I highly recommend the Cateye HL-500II Micro Halogen . It's one small, bright little light! Beam is decent, it actually allows you to see instead of letting others see you.







The mounting bracket is tool-free and allows the light to mount above or below the handlebars. It also allows the light to swivel 10 degrees so it's never off-center.

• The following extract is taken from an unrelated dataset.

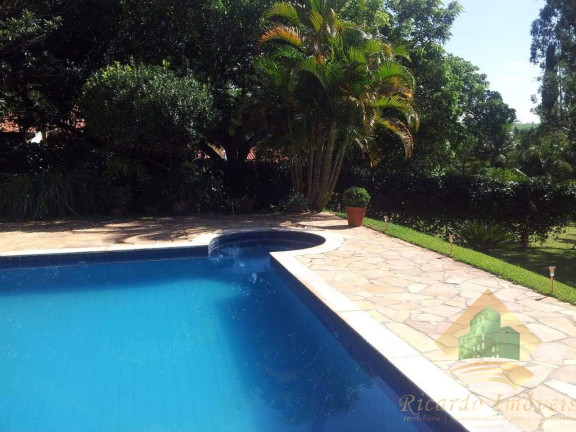 Imagem Chácara com 4 Quartos à Venda, 1.020 m² em Terras De Santa Rosa - Salto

It uses four AA batteries that you replace via a slide carriage. If you do regular nighttime riding I suggest you use rechargeables 'cause it goes through alkalines quite fast. It has an average rating of 4.75 out of 5.00 at Mtbreview.com. Cost is around $15 - $20. You really can't go wrong with it. I'll do a review on it in a couple of days.


Velcro


----------



## socalrunner (May 21, 2003)

If you are looking for an inexpensive headlight I would recommend the Planet Bike 5000x.. It is 3.5 watts and runs on 4aa rechargeables.. You will get around 2 hour burn time. If you can afford it the Niteriders are a much better light but cost much more... 

Planet bike websute

http://www.planetbike.com/headlights.html


----------



## Mark_van_Gorkom (May 22, 2003)

Check out the Cateye EL-300: 5 focussed LEDs, lots of light (more than the average generator/halogen setup I'd say) 30 hours runtime (haven't verified that yet, still haven't bought one).
Having suffered blown bulbs at the most awkward of times,I'm sticking with LEDs: Lupine Spe-Lu (26 LEDs, 4 Watts) for the Recumbent (a *bit* above your budget), a Cateye EL-101 for the Brompton (soon to be upgraded to EL-300) and a Petzl Tikka for extra visibillity. And various rear LEDlights of course.

Mark van Gorkom.


----------



## IlluminatingBikr (May 23, 2003)

It's interesting all of you suggested differnt lights. I have purchased a Cateye HL-1500, and should arrive within a week. I may buy some more of your suggestions. Thanks for all of your help! /ubbthreads/images/graemlins/popcorn.gif


----------



## Darell (May 23, 2003)

When is somebody going to come out with a fully regulated LED headlight? These claims of 30, 100... hours is just nuts. They're bright for the first couple of hours. Usable for then next ten, and not worth much after that. Waste of batteries! Lately I just strap whatever 2xAA regulated LS-based flashlight I have handy to the handlebars. But I'd sure like to get something in a nicely mounted package that has all the features of my better flashlights.


----------



## yclo (May 23, 2003)




----------



## Darell (May 23, 2003)

Man, that Infinity must be BLINDING! /ubbthreads/images/graemlins/smile.gif No McLux?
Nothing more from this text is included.